# Problem details
Produce a word-for-word copy of the line that contains "epa11245453 Georgia soccer" and each line after it through the end of the material, omitting pictures and all other lines.

# Data provided
■ ■ ■

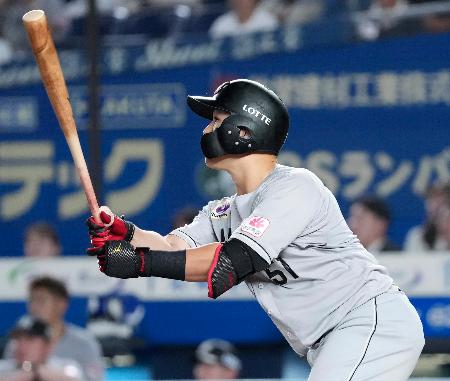 ９回ロッテ１死一、二塁、山口が右中間にサヨナラの二塁打を放つ＝ＺＯＺＯマリン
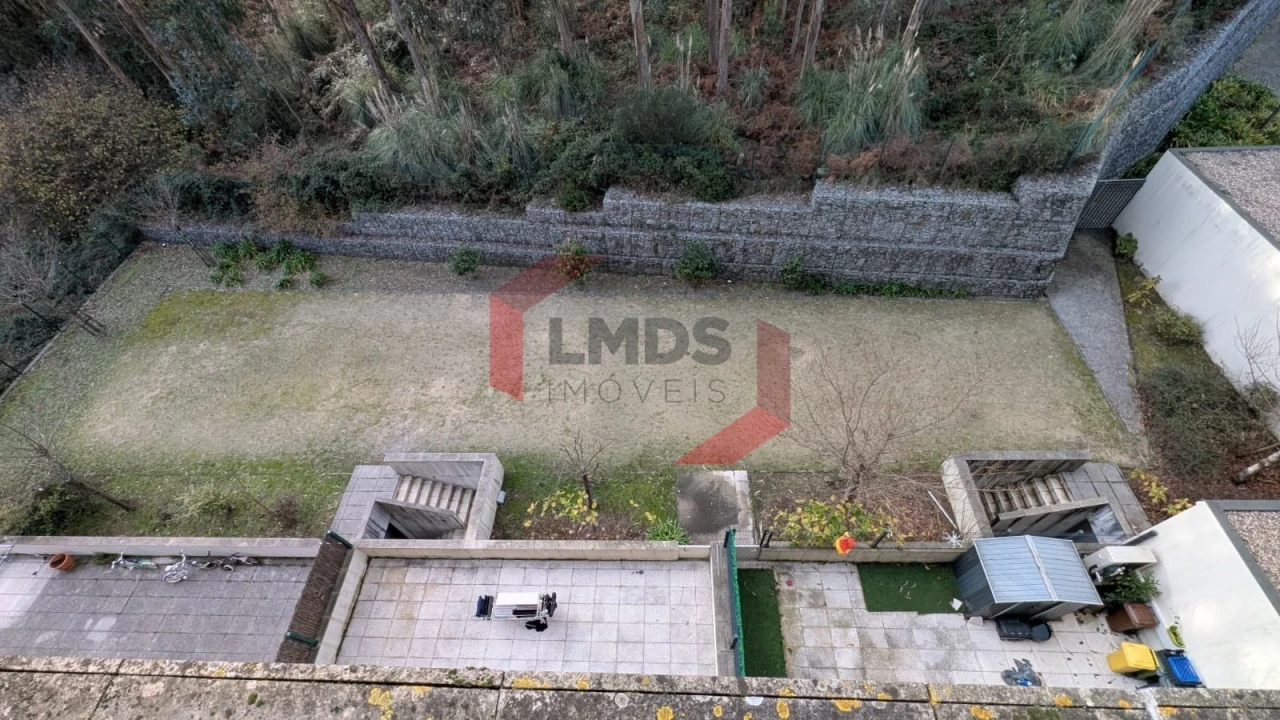 Apartamento T3 para Venda em Moreira Foto 3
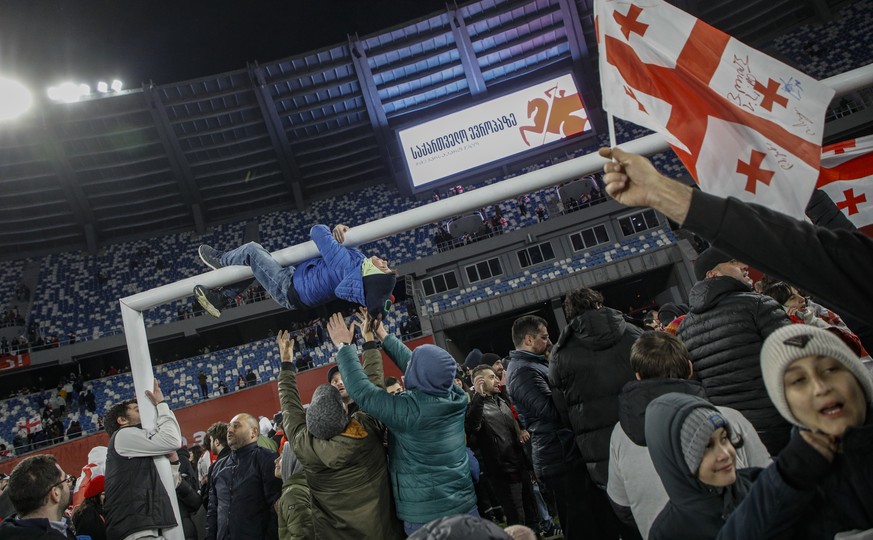epa11245453 Georgia soccer team fans celebrate after their team victory during the UEFA EURO 2024 play-off between Georgia and Greece in Tbilisi, Georgia, 26 March 2024. EPA/DAVID MDZINARISHVILI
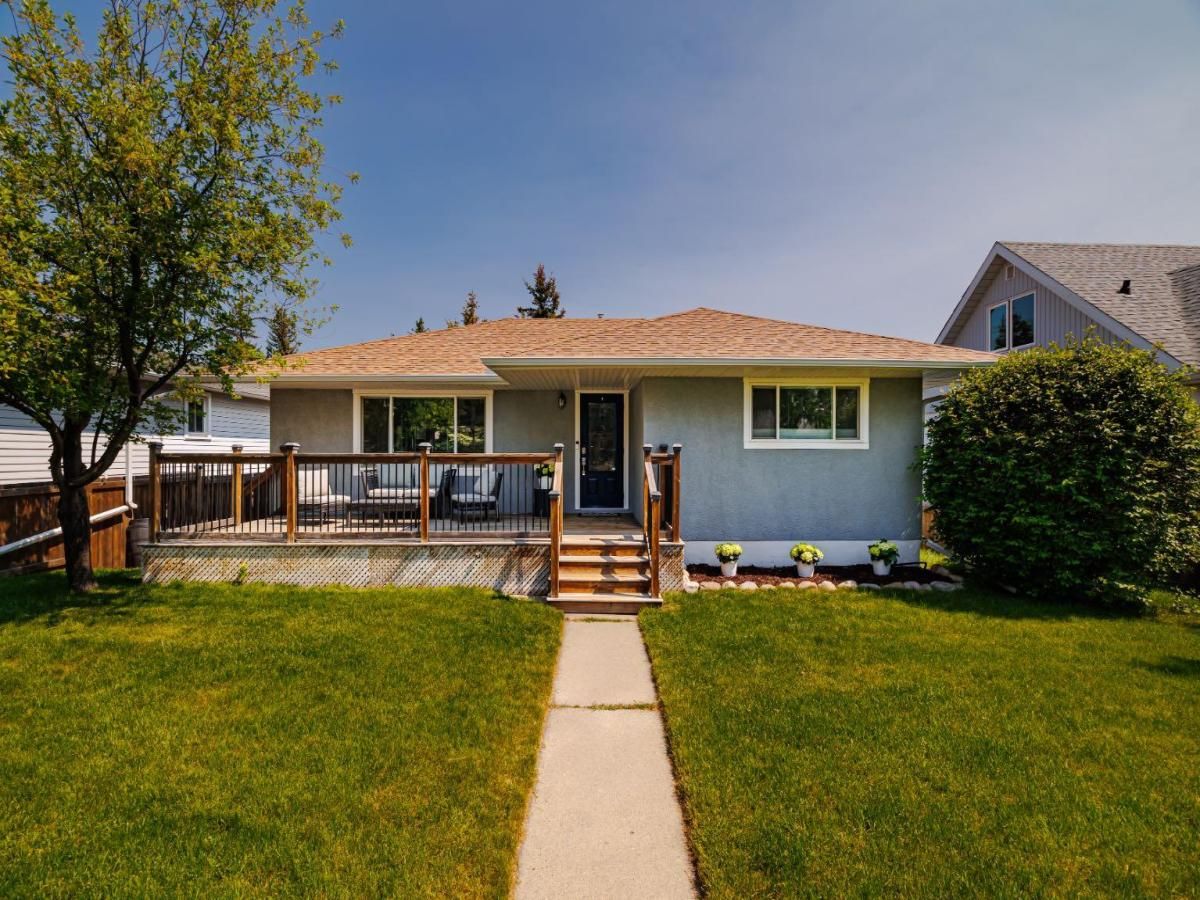30 Coleridge Road NW Calgary AB T2K 1W9 MLS #A2264570 MLS #A2264570 image #0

■ ■ ■

# Written solution
epa11245453 Georgia soccer team fans celebrate after their team victory during the UEFA EURO 2024 play-off between Georgia and Greece in Tbilisi, Georgia, 26 March 2024. EPA/DAVID MDZINARISHVILI
30 Coleridge Road NW Calgary AB T2K 1W9 MLS #A2264570 MLS #A2264570 image #0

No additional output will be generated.